Me, me, me vs. Reality

ME, ME, ME VS. REALITY
This is where we get in trouble in relating to others. We want this, and we want that. They should appreciate us or love us more, they should pay attention to us, or leave us alone. They should be in a better mood, or be calmer. The me, me, me wants the partner to make my life sweeter and easier and more agreeable.

And yet, they have other ideas. They don’t like us today. They have a toothache. They have problems at work. Things are going on in their life and minds that aren’t revolving around us.

Or, even worse, sometimes, they are revolving around us, but in their own me, me, me way. So each partner is busy demanding: you should love me more, you should appreciate me more, you should listen to me more, you should admit you are wrong. Those four could cover the underlying territory of most arguments, with this being the basis of them all: you should treat me better. With, of course, the me, me, me defining what “better” is.

So, how to get out of this mess? Do the Work, write down the shoulds and shouldn’ts and ask four questions and turn them around. Each and every time we do this we can come to understand that just because the me, me, me has a program for the other person, that doesn’t mean that the other person is going to go along with it.

This is a back door to understanding what love is, since love wants the other person to be who they are, not who they “should” be according to our wishes and wants. We can move back to love, if we see the other person without the story, which is what question four ( Who or what would I be without attachment to the thought?) brings us to. So why not just say: love everyone for what they are?

Because most of us can’t do that yet. Byron Katie’s work, in its honesty that judging is what we do most often, lets us off the hook of being any better than we really are. And then the four questions begin to set us free from the bondage of going around demanding that our me, me, me program be enforced. And the turn around gives us all the work we might ever need to do on ourselves. No need to pay anyone to discover where we need to work: just take our judgments ( you should be more kind to me) and turn them around ( I should be more kind to you. I should be more kind to myself.)

This is a source of humor, the realization that so much of our sorrow comes from the me, me, me point of view. No need to berate ourselves for being selfish. It’s just the way the world has run itself into the ground for centuries. We don’t need to be pure. We don’t need to be pure love. We don’t need to automatically forgive. Something deeper than forgiveness comes out of the work. What comes is a realization that these others, about whom we were so agitated, were just being like us, lost in their own me, me, me land.

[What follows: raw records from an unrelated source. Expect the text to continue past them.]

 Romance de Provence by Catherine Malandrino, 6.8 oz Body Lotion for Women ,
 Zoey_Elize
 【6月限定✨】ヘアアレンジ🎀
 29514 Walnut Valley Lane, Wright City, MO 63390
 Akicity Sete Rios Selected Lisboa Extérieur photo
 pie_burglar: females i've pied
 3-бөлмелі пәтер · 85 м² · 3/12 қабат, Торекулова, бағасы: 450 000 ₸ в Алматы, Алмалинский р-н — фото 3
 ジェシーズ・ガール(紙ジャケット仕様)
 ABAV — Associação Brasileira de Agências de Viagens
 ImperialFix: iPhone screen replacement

So we have the way into misery in our relating: see everything in term of me, me, me. And we have the way out: be honest about our demands, write them down, ask four questions and turn them around. The great relief is that the world is full of people we can treat we affection and enjoyment and kindness and all the other things we are busy demanding. This gives us practice in what we are preaching and shows us a way to act that surmounts the loneliness to which the me, me, me state of existence always condemns us. Want to be free? Look within, find the truth, smile at what our demanding is doing to us, and imagine and then practice, who would we be if we just say others for what they were?